Source data Start Marker

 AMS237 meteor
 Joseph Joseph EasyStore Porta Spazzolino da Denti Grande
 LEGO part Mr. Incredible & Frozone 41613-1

Source data End Marker
Source data Start Marker

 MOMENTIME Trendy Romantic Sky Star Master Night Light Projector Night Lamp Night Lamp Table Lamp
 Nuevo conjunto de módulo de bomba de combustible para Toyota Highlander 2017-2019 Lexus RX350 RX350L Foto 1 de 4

Source data End Marker

## [How to complete this task]
Return exactly, and only, the lines above starting at the line that contains "Joseph Joseph EasyStore" and ending at the line that contains "LEGO part Mr. Incredible & Frozone 41613-1".

## [Written answer]
 Joseph Joseph EasyStore Porta Spazzolino da Denti Grande
 LEGO part Mr. Incredible & Frozone 41613-1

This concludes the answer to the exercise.